On 1/19/2012 1:25 AM, Manu wrote:
> You lead me to an interesting though though...
> I have been realizing one thing that is concerning me more and more though, 
> and that is that for some reason, it always
> comes back to Walter. This seems absurd.
> Why should any feature be contingent on Walters time/excitement for the 
> feature? He should be allowed to work on the
> SIMD if he wants, and it shouldn't significantly affect anyone.

Focusing on dmd for this email, phobos and druntime are essentially not 
dependent on Walter in any way:

Very little is truly contingent on Walter (though some parts are, such as 
optlink).  Currently, for dmd, all the patches
flow through him (there's a couple others that do have commit privs but we 
don't use them).  ANYONE is free to develop
changes and submit pull requests.  The problem is that there's few who 
currently do (around a dozen, and only 3 or 4
that are particularly active).  For changes that don't come from the community, 
Walter fills in the gaps.  Over the last
couple years, the number of contributors to dmd has grown nicely, if slowly.  
If someone wrote the code for dmd to emit
coff format .obj files and it was demonstrated to work well with the microsoft 
compiler tool chain, I'll bet my next
paycheck that it'd be integrated seriously fast.

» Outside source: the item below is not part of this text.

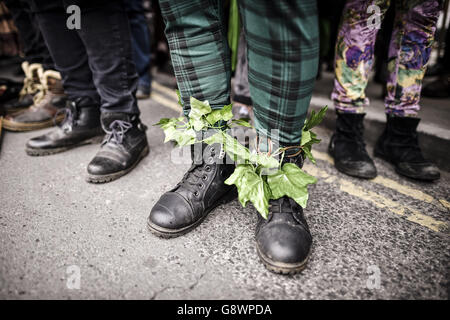 Ivy schmückt ein Paar Stiefel während der Glastonbury Beltane Feiern in Somerset, wo das traditionell gälische Maifest jährlich am 1. Mai oder auf halbem Weg zwischen der Frühlings-Tagundnachtgleiche und der Sommersonnenwende gefeiert wird. Stockfoto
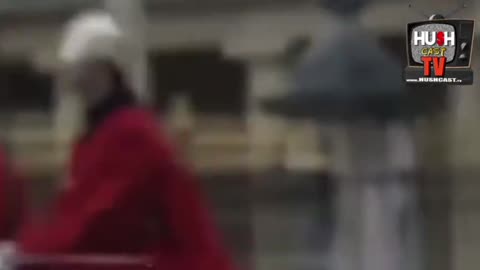 Desperate man tries to escape Buckingham Palace.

I pulled the stats on the number of pull requests we've seen since moving to 
github yesterday (see the phobos list for
the full details), but I'll repeat one from memory.  There's been 615 pulls to 
dmd of which only 58 are still open.
That's 91% handled and 9% left.  A decent number of requests are delt with on a 
daily basis.

Another interesting tool is github's impact grph:
  https://github.com/D-Programming-Language/dmd/graphs/impact

Anyway, hope that colors things a bit for you.